Kini Ari bisa melihat butiran air di mata gadis itu sedikit menderas, seiring dengan suara isak tangisnya yang merintih.
Tangannya menggenggam rerumputan dengan kuat. Akibat emosi yang terlanjur berderai. Ia ingat bagaimana ia harus merasakan depresi berkali-kali akibat laki- laki itu. Bersama dengan isak tangisnya yang lirih. Kedua tangannya merengkuh tubuh mungilnya. Nafasnya tercekat lantaran pedih. Sweater ungu yang ia pakai tak cukup untuk membuat tubuhnya hangat.
Ari sadar hal itu. Ia melepaskan jaketnya kemudian menyelimuti tubuh Rei pelan-pelan.
"Nggak apa-apa, aku ngerti. Maaf udah bikin kamu jadi teringat lagi sama masa lalu.

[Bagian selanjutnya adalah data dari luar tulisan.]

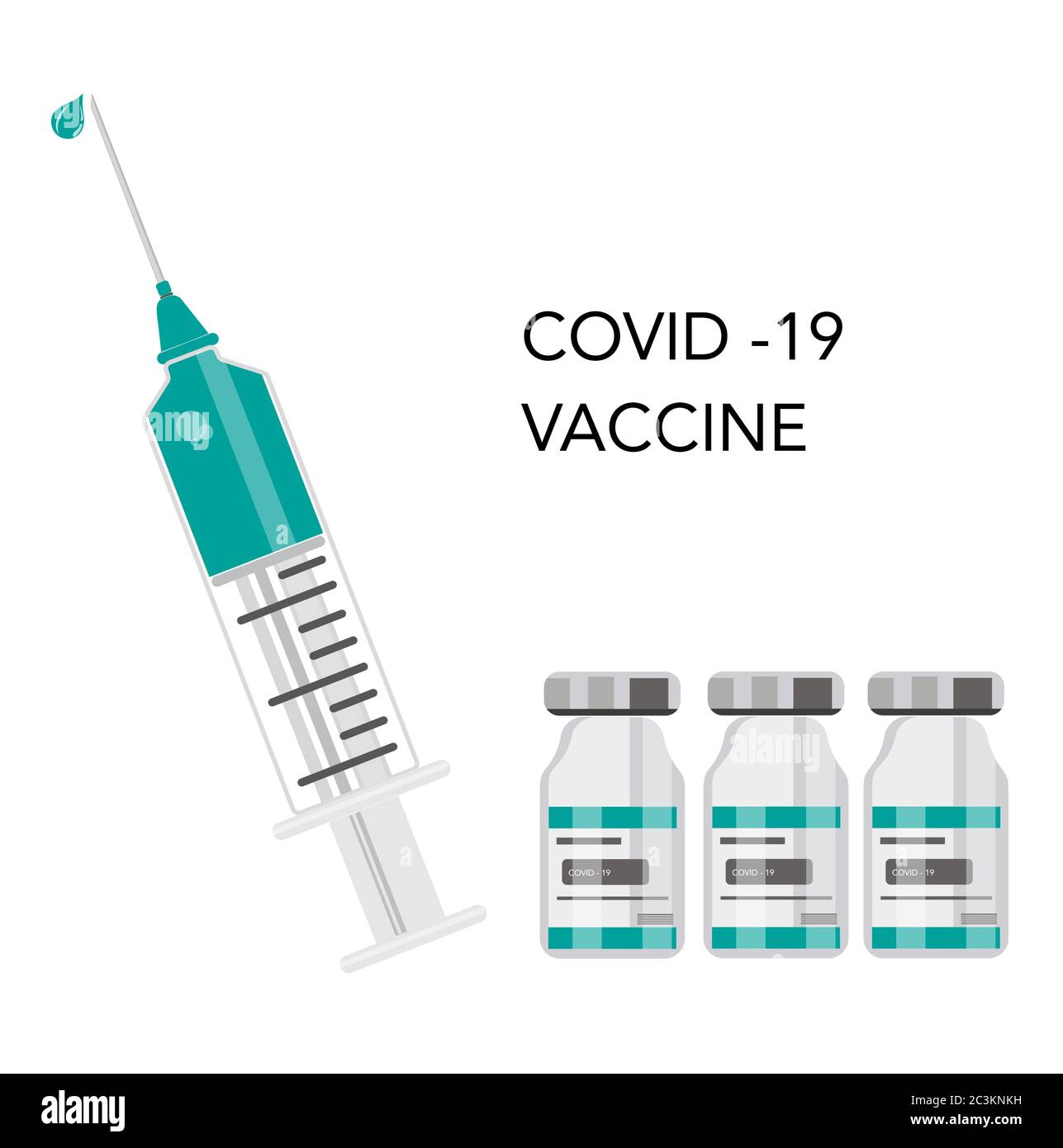 siringa di vaccinazione covid-19 su fondo bianco Illustrazione Vettoriale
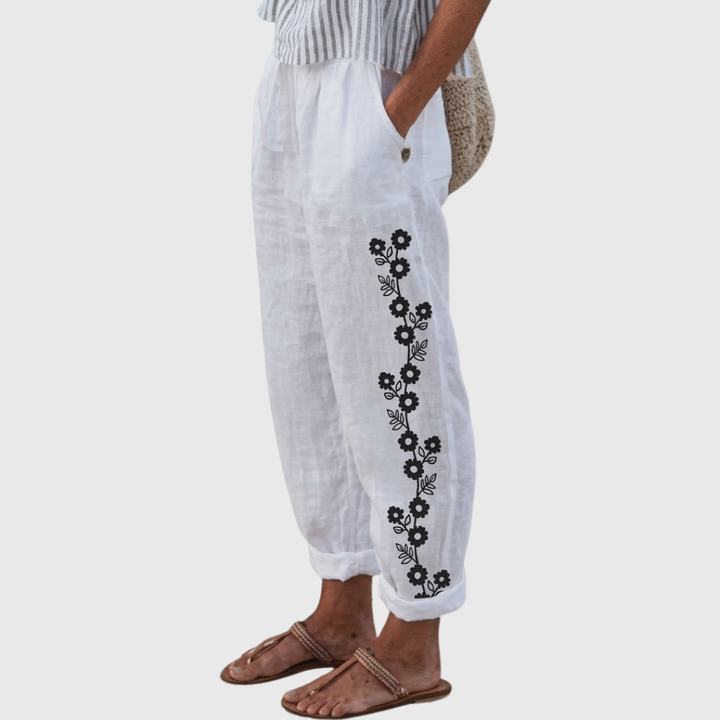 Esther | Elegante Vintage Floreale Stampa Pantaloni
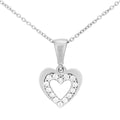 9ct White Gold Heart with Cubic Zirconia Stones Pendant Necklace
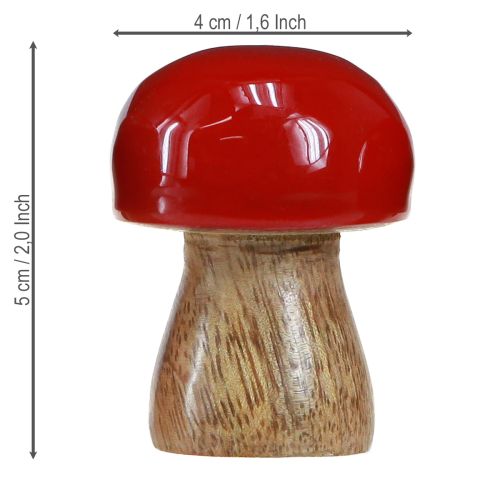 daiktų Dekoratyviniai grybai, raudonai lakuoti mediniai grybai, pievagrybiai, aukštis 5cm, Ø4cm, 6 vnt.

Toh juga sekarang Zacky udah nggak ada."
Kening Rei seketika berkerut seraya dengan tatapan heran ke arah Ari. "Maksudnya?"
"Umm, maksud aku, toh sekarang kamu udah nggak sendiri. Masih banyak orang-orang yang sayang dan jauh lebih care sama kamu, Ma."
Rei mengerjapkan mata kemudian menyedot ingus.
"Memang sulit melupakan orang yang kita cintai, apalagi setelah dia ninggalin luka di hati kita. Tapi berhentilah, buat apa mikirin orang yang bahkan nggak pernah bertanya apakah kamu baik-baik aja? Hidupmu jauh lebih berharga, tubuh dan pikiran kamu juga butuh perhatian, kan?"
Senyum kecil itu terukir manis di wajah Rei. Ia mengusap air matanya sendiri dengan kelegaan yang rasanya sungguh menenangkan. Kalimat yang diutarakan Ari ibarat penawar. Polesan itu kecil, tetapi entah mengapa, Rei merasa polesan-polesan itu bakal menjadi cara terbaik untuk menutup luka-luka di hatinya.